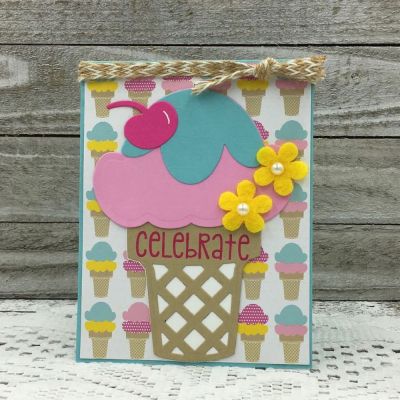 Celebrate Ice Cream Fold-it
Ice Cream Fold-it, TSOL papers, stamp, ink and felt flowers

****

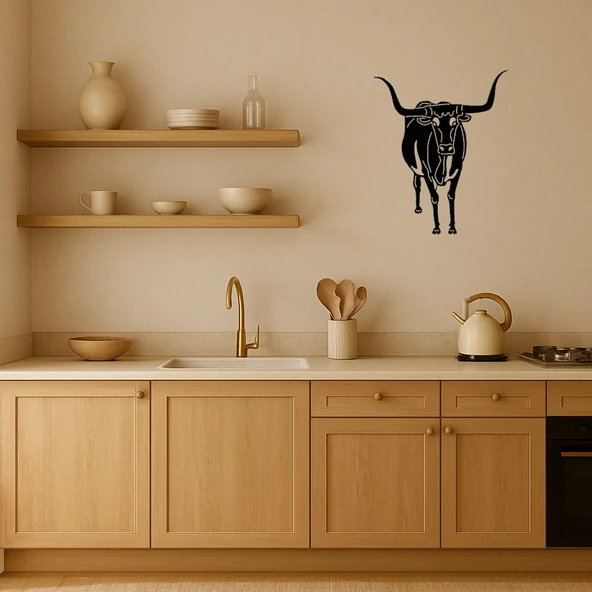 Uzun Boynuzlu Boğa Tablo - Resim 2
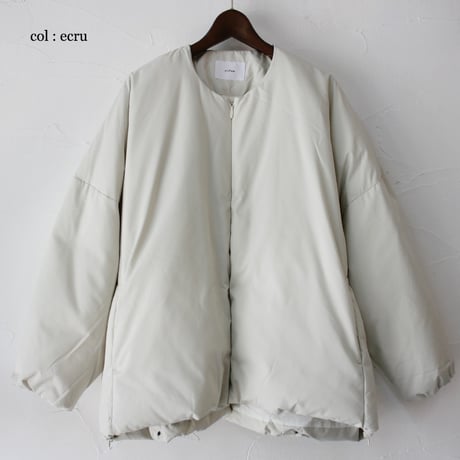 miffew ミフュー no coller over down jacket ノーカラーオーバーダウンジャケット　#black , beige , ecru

****

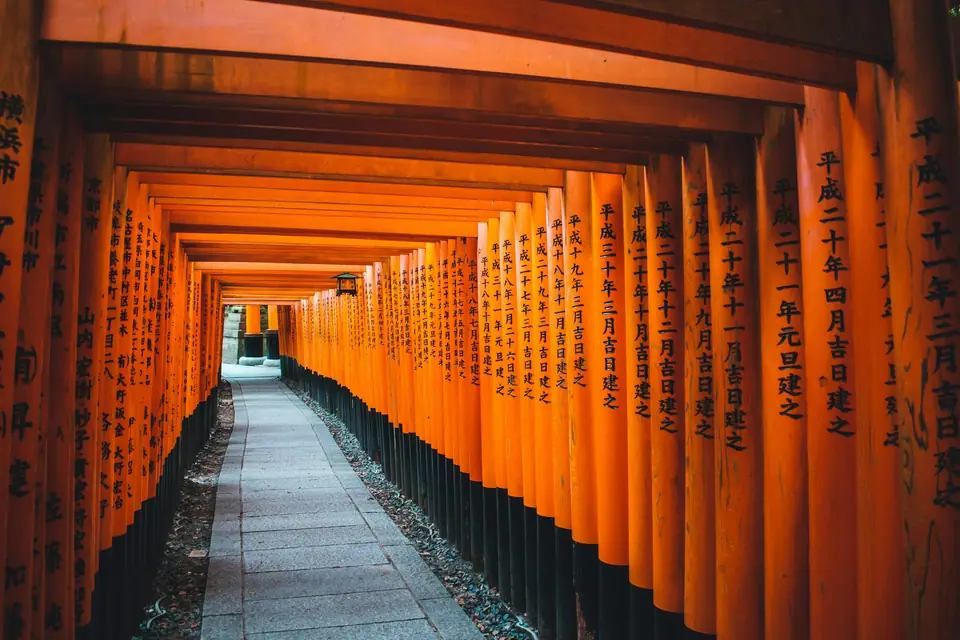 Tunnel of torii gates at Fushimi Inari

****

▸ Exercise instructions
What to print is the stretch of entries from the line with "Uzun Boynuzlu Boğa Tablo - Resim 2" up to and including the line with "miffew ミフュー no". Please print it exactly and leave out the pictures.

▸ Output below
 Uzun Boynuzlu Boğa Tablo - Resim 2
 miffew ミフュー no coller over down jacket ノーカラーオーバーダウンジャケット　#black , beige , ecru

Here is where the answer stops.